● **PROBLEM TO WORK ON**
In your copy, leave out all pictures and reproduce every entry exactly.

______

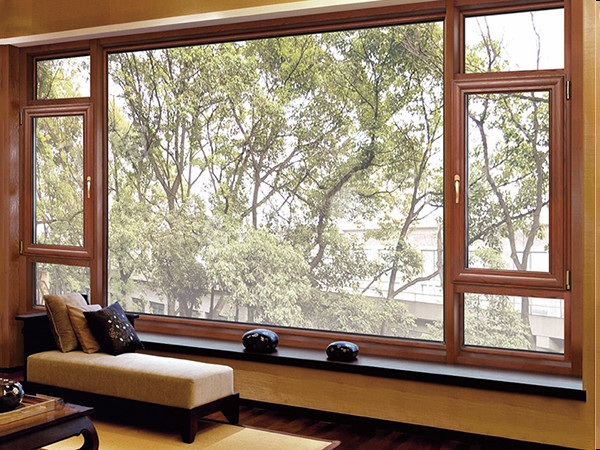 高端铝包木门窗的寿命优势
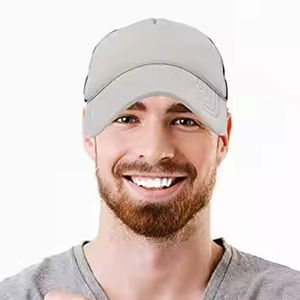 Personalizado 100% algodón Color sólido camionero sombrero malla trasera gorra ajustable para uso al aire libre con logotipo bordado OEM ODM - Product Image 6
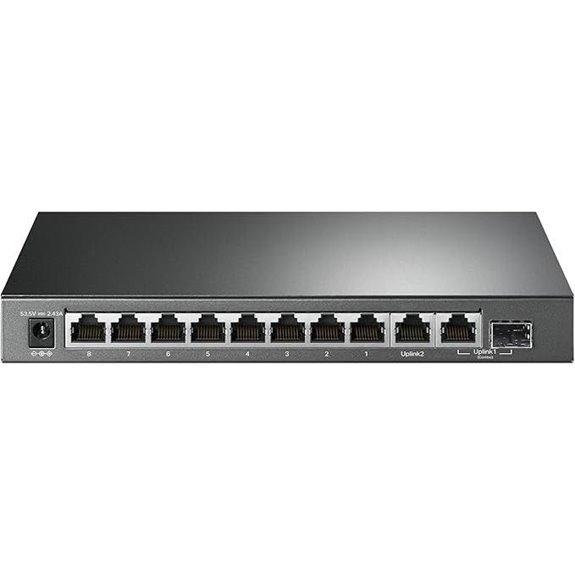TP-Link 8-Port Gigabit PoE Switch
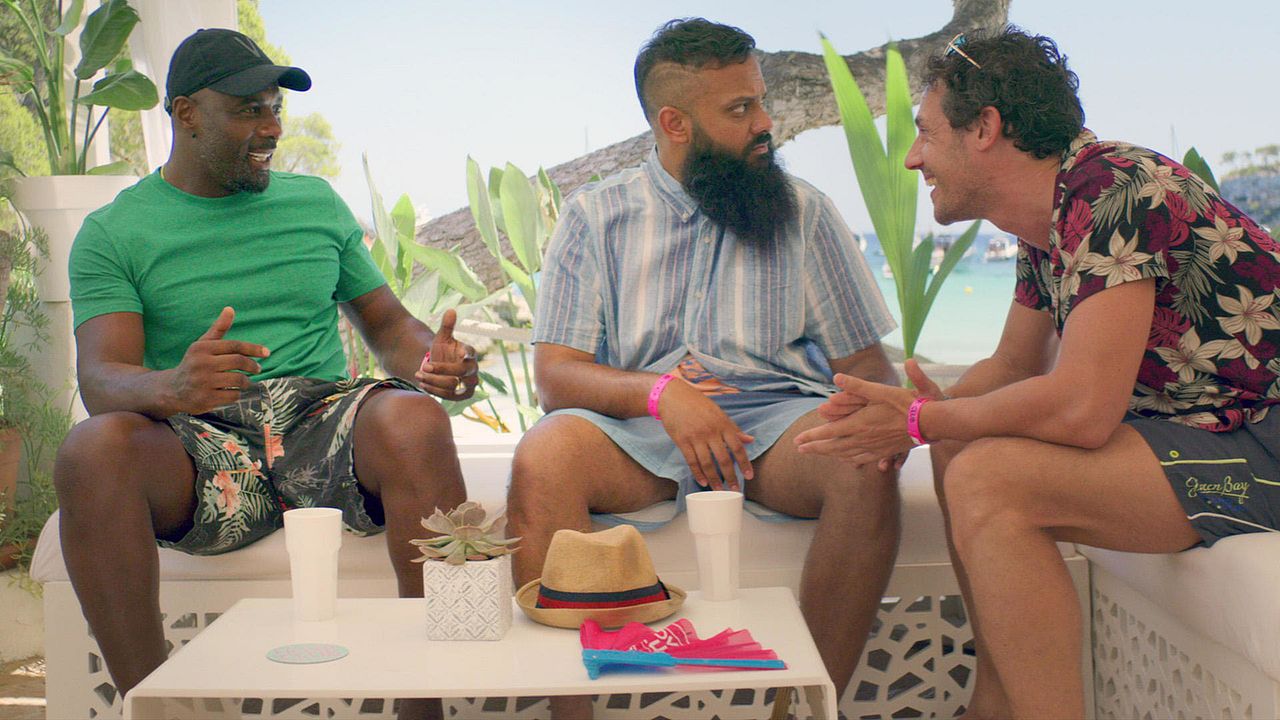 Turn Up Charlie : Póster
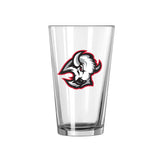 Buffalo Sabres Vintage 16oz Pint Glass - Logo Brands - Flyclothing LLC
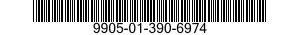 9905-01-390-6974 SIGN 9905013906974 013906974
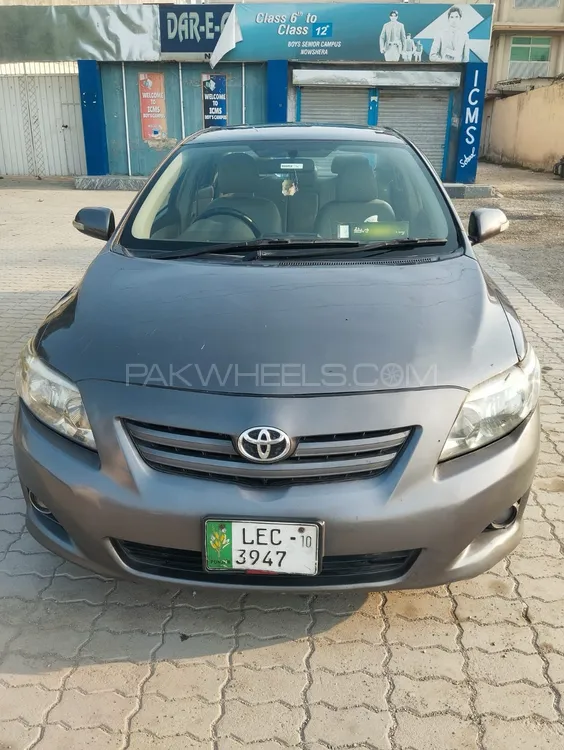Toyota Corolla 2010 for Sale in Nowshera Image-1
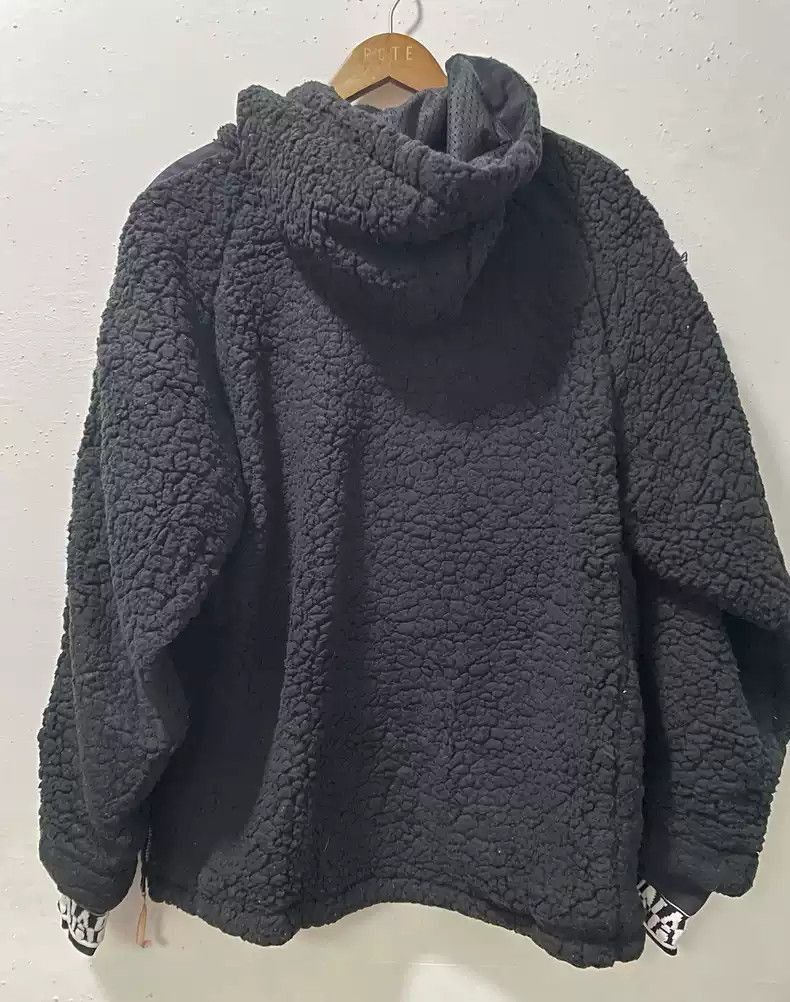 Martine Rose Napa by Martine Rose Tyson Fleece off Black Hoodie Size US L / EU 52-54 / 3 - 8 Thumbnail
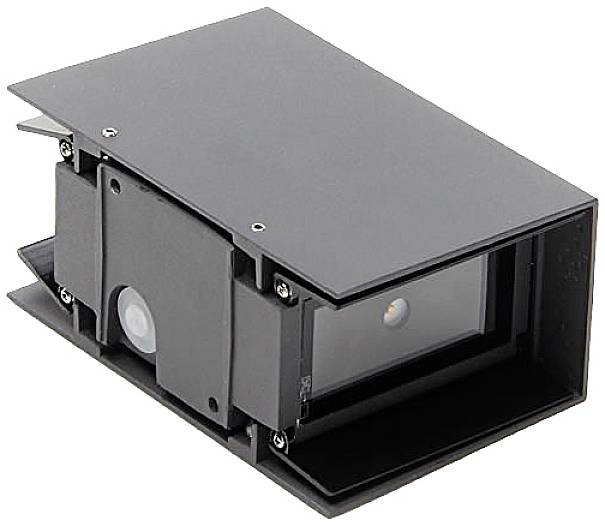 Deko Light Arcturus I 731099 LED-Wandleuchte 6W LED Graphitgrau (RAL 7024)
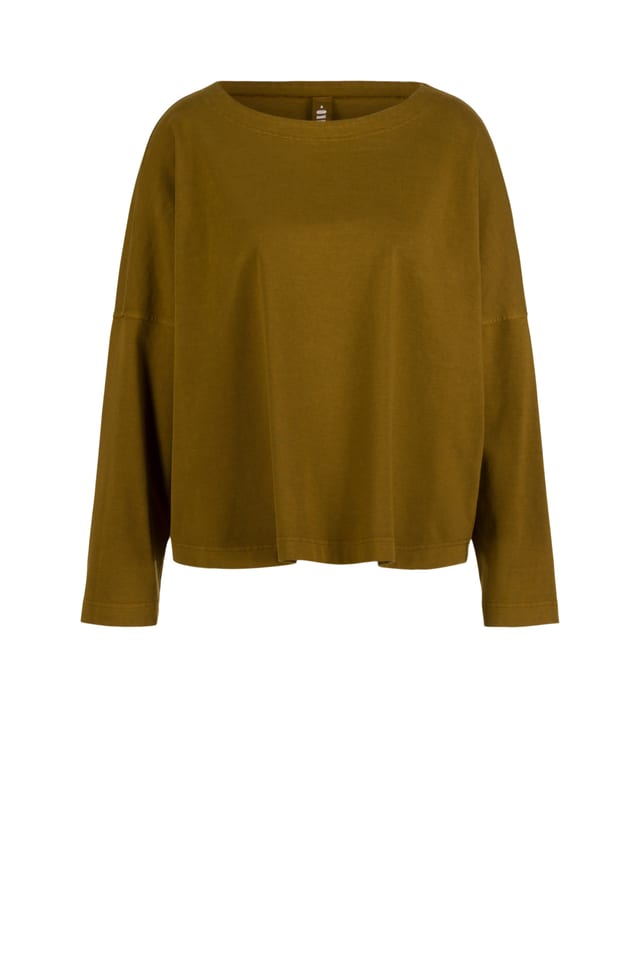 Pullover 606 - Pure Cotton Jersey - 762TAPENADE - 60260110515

______

● **RESULT OF THE EXERCISE**
 高端铝包木门窗的寿命优势
 Personalizado 100% algodón Color sólido camionero sombrero malla trasera gorra ajustable para uso al aire libre con logotipo bordado OEM ODM - Product Image 6
TP-Link 8-Port Gigabit PoE Switch
 Turn Up Charlie : Póster
 Buffalo Sabres Vintage 16oz Pint Glass - Logo Brands - Flyclothing LLC
 9905-01-390-6974 SIGN 9905013906974 013906974
Toyota Corolla 2010 for Sale in Nowshera Image-1
 Martine Rose Napa by Martine Rose Tyson Fleece off Black Hoodie Size US L / EU 52-54 / 3 - 8 Thumbnail
 Deko Light Arcturus I 731099 LED-Wandleuchte 6W LED Graphitgrau (RAL 7024)
 Pullover 606 - Pure Cotton Jersey - 762TAPENADE - 60260110515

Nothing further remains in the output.